Güncelleme Tarihi:
23. Dünya Enerji Kongresi açılış oturumu İstanbul Kongre Merkezi’nde başladı. Açılış oturumuna Cumhurbaşkanı Recep Tayyip Erdoğan, Başbakan Binali Yıldırım, Rusya Devlet Başkanı Vladimir Putin, Venezuela Cumhuriyeti Devlet Başkanı Nicolas Maduro Moros, KKTC Cumhurbaşkanı Mustafa Akıncı ile bir çok ülkenin devlet başkanları ile enerji bakanları katıldı.
Açılış oturumunda bir konuşma yapan Cumhurbaşkanı Recep Tayyip Erdoğan, "’Barış için paylaşalım’ mesajını tüm dünyaya iletmeyi hedefliyoruz. Amacımız bu kongrenin hem enerji konusunda geleceğe yönelik vizyon ve senaryolar hakkında görüş alışverişinde bulunulduğu bir bir zemin haline dönüşmesini, hem de enerjinin barışın ve adaletin aracı haline getirilmesini sağlamaktır" dedi.

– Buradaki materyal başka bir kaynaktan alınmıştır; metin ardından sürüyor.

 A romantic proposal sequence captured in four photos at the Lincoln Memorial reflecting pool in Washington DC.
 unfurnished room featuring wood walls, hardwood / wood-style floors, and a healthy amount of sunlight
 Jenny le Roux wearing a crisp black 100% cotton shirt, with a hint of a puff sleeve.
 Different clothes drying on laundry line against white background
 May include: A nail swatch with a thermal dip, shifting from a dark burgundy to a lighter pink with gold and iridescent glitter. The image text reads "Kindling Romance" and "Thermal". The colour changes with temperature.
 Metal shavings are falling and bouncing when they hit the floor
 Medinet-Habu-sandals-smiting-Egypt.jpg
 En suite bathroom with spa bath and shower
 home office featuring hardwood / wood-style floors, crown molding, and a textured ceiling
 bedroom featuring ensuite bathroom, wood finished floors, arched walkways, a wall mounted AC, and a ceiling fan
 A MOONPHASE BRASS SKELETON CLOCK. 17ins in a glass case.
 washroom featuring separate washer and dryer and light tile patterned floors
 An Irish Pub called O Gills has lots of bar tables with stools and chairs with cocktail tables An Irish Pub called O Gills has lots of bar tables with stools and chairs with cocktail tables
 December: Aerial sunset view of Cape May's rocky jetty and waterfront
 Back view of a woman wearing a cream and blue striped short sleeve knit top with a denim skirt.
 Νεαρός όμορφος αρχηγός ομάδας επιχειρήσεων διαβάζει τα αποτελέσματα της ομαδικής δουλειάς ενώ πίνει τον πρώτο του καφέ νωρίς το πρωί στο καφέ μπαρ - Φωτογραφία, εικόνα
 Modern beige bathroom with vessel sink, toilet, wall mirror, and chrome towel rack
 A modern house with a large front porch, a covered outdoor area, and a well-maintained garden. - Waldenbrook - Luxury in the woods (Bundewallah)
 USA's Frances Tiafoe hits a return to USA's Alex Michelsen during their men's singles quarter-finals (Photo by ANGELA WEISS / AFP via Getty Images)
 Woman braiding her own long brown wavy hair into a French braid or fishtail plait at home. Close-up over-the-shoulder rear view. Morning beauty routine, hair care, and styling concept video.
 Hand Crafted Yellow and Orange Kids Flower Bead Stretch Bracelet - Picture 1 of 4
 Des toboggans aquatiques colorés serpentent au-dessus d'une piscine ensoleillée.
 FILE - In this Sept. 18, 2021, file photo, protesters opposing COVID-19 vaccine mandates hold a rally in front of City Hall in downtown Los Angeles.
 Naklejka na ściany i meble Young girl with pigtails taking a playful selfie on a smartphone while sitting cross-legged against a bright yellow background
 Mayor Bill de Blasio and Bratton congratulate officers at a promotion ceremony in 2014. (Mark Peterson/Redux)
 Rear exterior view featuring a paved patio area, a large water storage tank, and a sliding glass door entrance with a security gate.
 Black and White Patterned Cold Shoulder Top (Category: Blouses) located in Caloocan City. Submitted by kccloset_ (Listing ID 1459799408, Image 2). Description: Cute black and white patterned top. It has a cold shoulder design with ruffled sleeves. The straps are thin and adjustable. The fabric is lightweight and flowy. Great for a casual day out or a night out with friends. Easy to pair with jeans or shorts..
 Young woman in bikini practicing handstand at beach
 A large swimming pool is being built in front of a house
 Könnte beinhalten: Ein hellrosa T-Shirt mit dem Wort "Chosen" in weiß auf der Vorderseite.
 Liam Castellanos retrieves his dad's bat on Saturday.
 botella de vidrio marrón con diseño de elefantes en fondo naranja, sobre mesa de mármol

Türkiye’nin önem verdiği alanlar arasında nükleer enerjinin de bulunduğunu bildiren Erdoğan, "2010 yılında Rusya Federasyonu ile Akkuyu Nükleer Güç Santrali Projesi’nin gerçekleştirilmesine yönelik bir hükümetlerarası anlaşmayı imzaladık. Japonya’yla da Karadeniz kıyısında tesisine karar verilen Sinop Nükleer Güç Santrali Projesi için bir anlaşma yaptık. Şimdi de üçüncü nükleer santral projesini hayata geçirmenin arayışı içindeyiz. Zira ileri teknoloji noktasında, bizim ciddi noktada bir enerji potansiyeline ihtiyacımız var. Hedefimiz, önümüzdeki yıllarda elektrik üretiminin yaklaşık yüzde 10’unun nükleer enerjiden karşılanmasıdır" dedi.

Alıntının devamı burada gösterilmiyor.